Because the beginning of No Longer At Ease has already provided us with the knowledge that Obi Okonkwo is guilty of corruption and accepting bribes, the actual ending of the novel is ironic. Achebe chooses not to belabor or repeat the scene in the courtroom where we learn of Obi's guilt. Instead, he ends with just a few sentences explaining that nobody knows why Obi began to accept bribes, or how he became corrupt.
We are left with a number of unsettling questions. How could Obi's family not know about his corruption? How could his parents, who willingly accepted Obi's monthly monetary gifts, not know they were part of the problem? How could his mother not know that threatening to kill herself would somehow affect him? How could the Umuofia Progressive Union not know that Obi's repayment of his debt would sometimes be difficult, more difficult than he could bear? How could they not see the stresses and strains Obi endured as he tried to become part of a class of society that he knew nothing about and could not understand? And given that bribery permeated their community, why would they assume their son to be immune?
Throughout the novel, we observe that the other people in Obi's life are complicit in his downfall. It's true that his corruption is ultimately due to his own hubris, but it's also clear that all the different people in his life play a role – from his relatives who wouldn't let him love the girl of his choice and who taxed him heavily in order to pay back his debt, to his peers in the government who demanded that he conform to a particular social lifestyle even though he couldn't financially afford it, to cultural expectations that he help his little brother through school and support his parents in their old age.
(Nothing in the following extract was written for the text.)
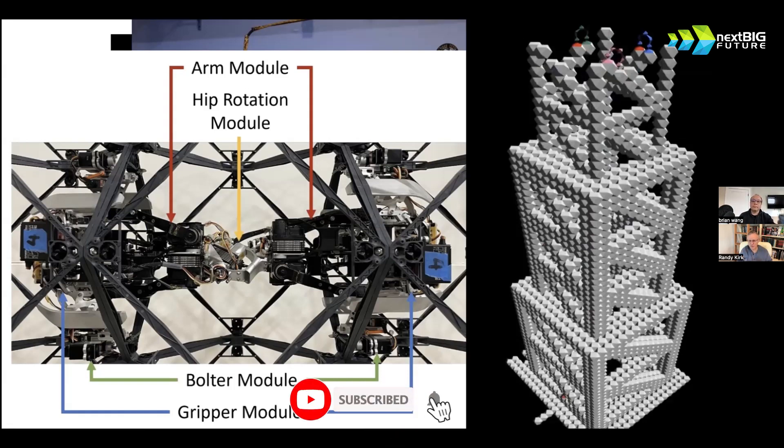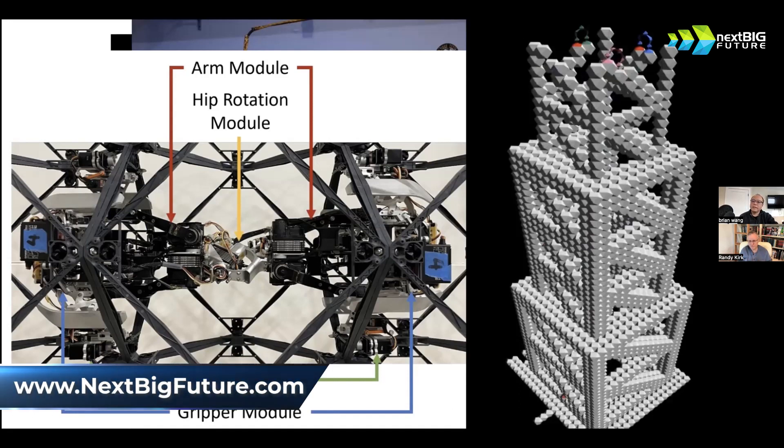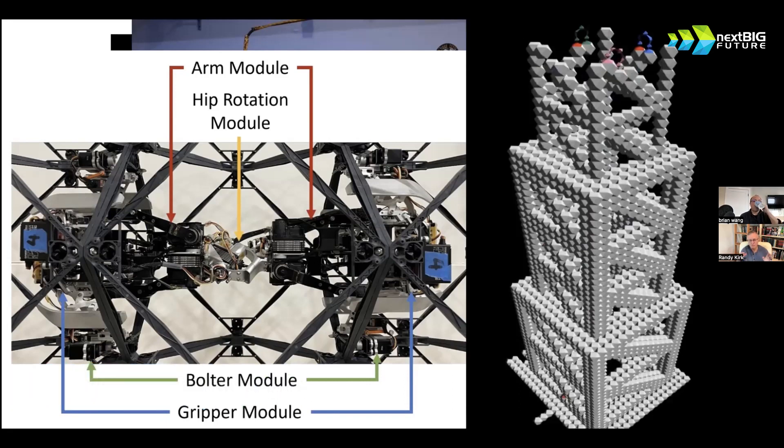Just this morning I read about a European company — Norway, Sweden, Germany, something like that — that is already using a bricklaying robot. That's an example of a robot not in humanoid form but specifically designed to lay brick, which is a tedious, dangerous, hard-on-your-body job — the kind of job that Elon has talked about wanting to replace with Optimus. They broke the task into three different pieces: one for fetching the bricks, one for delivering, and one for laying.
Even if everybody else pretends they're ignorant, we know the truth. They were all part of the reason why Obi became corrupt. If the beginning of the novel leaves us curious about how Obi becomes a corrupt politician, the ending points out that it is not an easy answer, possibly suggesting that our individual actions are heavily influenced by the situations we find ourselves in, the people who surround us, and the choices that others make, as well as our own.